Data for analysis Block Start

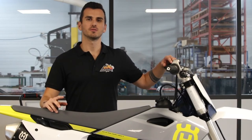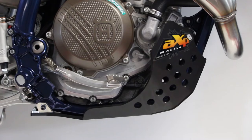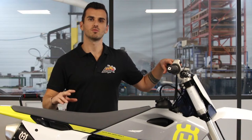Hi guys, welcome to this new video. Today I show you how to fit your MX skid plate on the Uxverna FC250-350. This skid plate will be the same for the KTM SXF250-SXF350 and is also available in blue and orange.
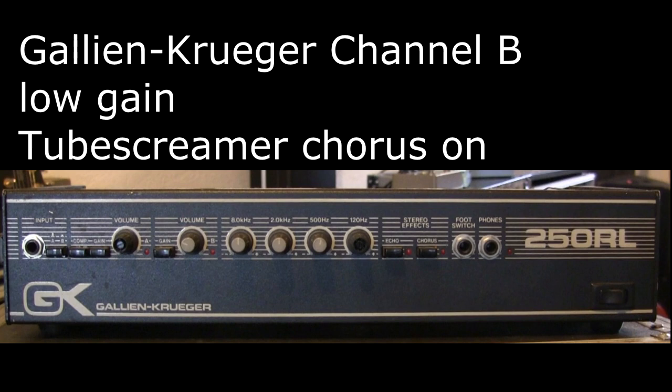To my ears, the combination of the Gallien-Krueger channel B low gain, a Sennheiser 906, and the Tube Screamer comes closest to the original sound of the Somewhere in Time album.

Data for analysis Block End
Data for analysis Block Start

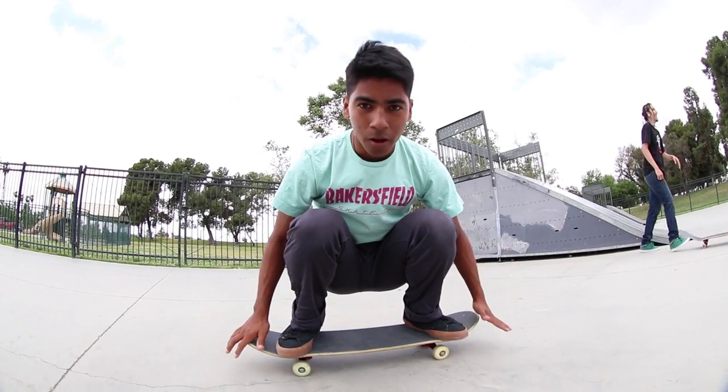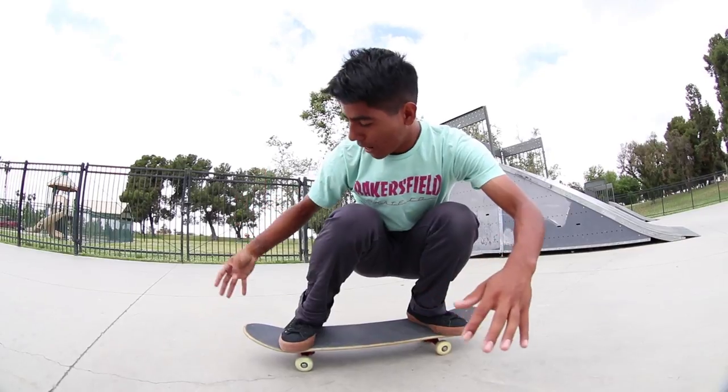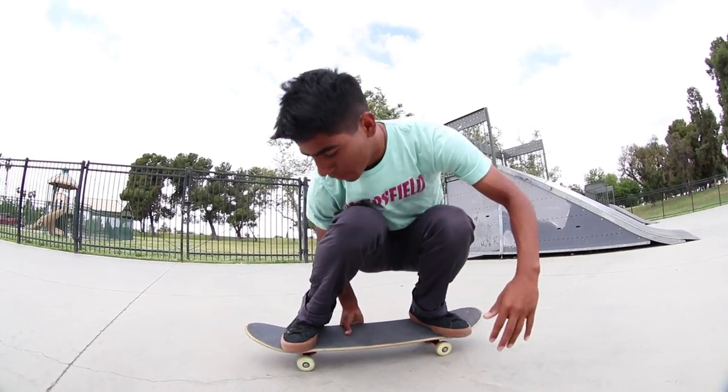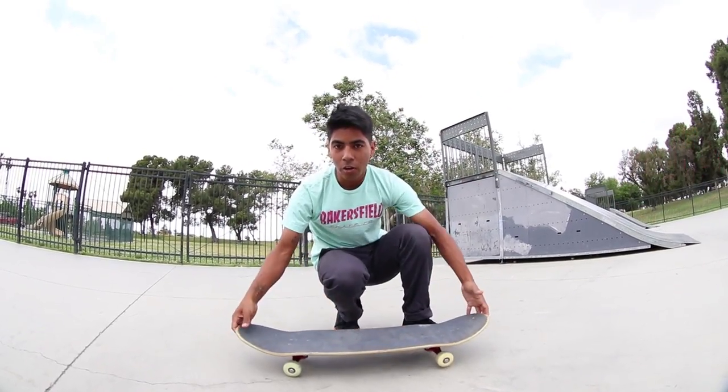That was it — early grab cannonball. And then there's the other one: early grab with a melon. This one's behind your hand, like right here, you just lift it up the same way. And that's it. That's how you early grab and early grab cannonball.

Data for analysis Block End

What needs to be done - Out of the records above, return only the lines from the one with "Hi guys, welcome" through the one with "To my ears, the", exactly, and none of the pictures.

Exercise answer -
Hi guys, welcome to this new video. Today I show you how to fit your MX skid plate on the Uxverna FC250-350. This skid plate will be the same for the KTM SXF250-SXF350 and is also available in blue and orange.
To my ears, the combination of the Gallien-Krueger channel B low gain, a Sennheiser 906, and the Tube Screamer comes closest to the original sound of the Somewhere in Time album.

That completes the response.